* _Work task_: Copy the data precisely, character for character, and leave out every picture.
BEGIN Data section
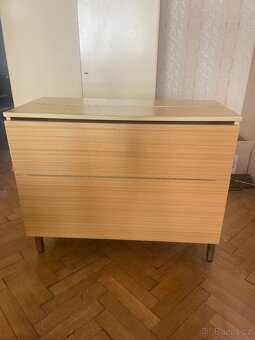 Peřiňák - 7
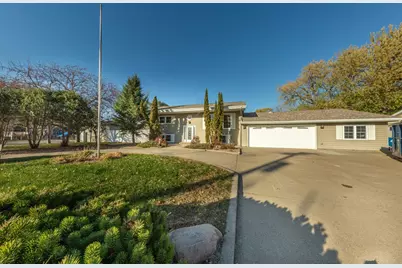 1250 13th Street NW, New Brighton, MN 55112 - Photo 55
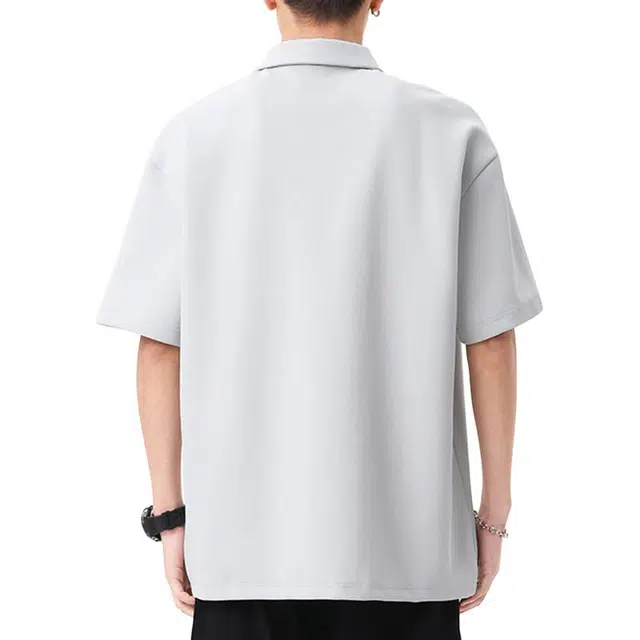 PRPK Polo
END Data section
* _Expected answer_:
 Peřiňák - 7
 1250 13th Street NW, New Brighton, MN 55112 - Photo 55
 PRPK Polo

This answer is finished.